**** Records shown

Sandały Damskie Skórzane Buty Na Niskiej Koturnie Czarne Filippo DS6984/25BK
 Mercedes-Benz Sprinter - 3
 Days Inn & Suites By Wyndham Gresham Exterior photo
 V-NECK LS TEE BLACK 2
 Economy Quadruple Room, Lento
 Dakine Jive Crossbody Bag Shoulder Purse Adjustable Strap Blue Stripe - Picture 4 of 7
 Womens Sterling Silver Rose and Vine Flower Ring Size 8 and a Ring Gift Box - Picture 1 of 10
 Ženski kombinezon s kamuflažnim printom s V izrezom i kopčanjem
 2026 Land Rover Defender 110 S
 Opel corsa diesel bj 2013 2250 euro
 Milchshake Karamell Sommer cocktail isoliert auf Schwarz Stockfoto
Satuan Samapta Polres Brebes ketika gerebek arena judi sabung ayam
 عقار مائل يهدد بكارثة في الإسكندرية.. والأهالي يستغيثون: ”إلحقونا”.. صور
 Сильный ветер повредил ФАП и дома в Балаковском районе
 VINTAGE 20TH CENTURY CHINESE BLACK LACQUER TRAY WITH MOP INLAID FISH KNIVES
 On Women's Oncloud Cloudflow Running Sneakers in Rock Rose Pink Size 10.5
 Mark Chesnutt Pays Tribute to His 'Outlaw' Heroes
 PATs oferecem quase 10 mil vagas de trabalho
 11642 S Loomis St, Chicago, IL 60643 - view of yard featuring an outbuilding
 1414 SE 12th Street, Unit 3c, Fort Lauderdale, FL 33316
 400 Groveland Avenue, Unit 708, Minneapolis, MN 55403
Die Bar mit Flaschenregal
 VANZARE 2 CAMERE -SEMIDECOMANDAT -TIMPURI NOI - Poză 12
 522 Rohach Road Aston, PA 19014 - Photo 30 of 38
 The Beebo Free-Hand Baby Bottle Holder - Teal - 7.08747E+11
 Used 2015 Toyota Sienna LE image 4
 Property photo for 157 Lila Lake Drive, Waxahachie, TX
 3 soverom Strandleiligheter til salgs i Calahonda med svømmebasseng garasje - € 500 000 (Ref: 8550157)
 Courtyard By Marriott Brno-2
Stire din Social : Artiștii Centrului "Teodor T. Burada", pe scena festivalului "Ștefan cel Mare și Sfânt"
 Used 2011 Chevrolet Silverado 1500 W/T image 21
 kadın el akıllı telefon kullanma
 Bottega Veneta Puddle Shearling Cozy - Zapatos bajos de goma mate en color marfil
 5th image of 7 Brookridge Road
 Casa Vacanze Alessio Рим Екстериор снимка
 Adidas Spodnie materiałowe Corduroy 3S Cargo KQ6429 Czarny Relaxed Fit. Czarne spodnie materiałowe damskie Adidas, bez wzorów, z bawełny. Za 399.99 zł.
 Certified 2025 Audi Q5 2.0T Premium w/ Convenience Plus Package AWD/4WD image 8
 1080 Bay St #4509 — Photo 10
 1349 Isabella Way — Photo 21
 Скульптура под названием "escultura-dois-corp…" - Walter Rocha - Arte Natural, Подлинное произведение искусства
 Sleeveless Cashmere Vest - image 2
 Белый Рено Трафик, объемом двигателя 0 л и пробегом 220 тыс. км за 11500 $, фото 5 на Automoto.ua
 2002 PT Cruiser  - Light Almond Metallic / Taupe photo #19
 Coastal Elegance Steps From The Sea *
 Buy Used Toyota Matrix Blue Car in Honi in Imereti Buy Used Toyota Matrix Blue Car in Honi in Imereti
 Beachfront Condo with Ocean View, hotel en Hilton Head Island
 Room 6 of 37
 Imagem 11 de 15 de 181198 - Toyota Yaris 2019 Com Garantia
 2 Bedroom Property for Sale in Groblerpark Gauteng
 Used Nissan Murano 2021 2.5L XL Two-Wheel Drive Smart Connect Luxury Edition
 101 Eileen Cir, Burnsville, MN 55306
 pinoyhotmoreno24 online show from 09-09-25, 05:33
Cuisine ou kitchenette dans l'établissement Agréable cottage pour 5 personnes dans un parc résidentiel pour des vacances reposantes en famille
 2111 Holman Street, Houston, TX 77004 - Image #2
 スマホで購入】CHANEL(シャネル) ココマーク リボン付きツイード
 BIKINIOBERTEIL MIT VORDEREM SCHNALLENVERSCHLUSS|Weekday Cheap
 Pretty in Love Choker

********

When the line containing "Dakine Jive Crossbody" is reached, include it and stop. Until then, output each line of the entries exactly as given, starting from the first.

◆ **Exercise response**:
Sandały Damskie Skórzane Buty Na Niskiej Koturnie Czarne Filippo DS6984/25BK
 Mercedes-Benz Sprinter - 3
 Days Inn & Suites By Wyndham Gresham Exterior photo
 V-NECK LS TEE BLACK 2
 Economy Quadruple Room, Lento
 Dakine Jive Crossbody Bag Shoulder Purse Adjustable Strap Blue Stripe - Picture 4 of 7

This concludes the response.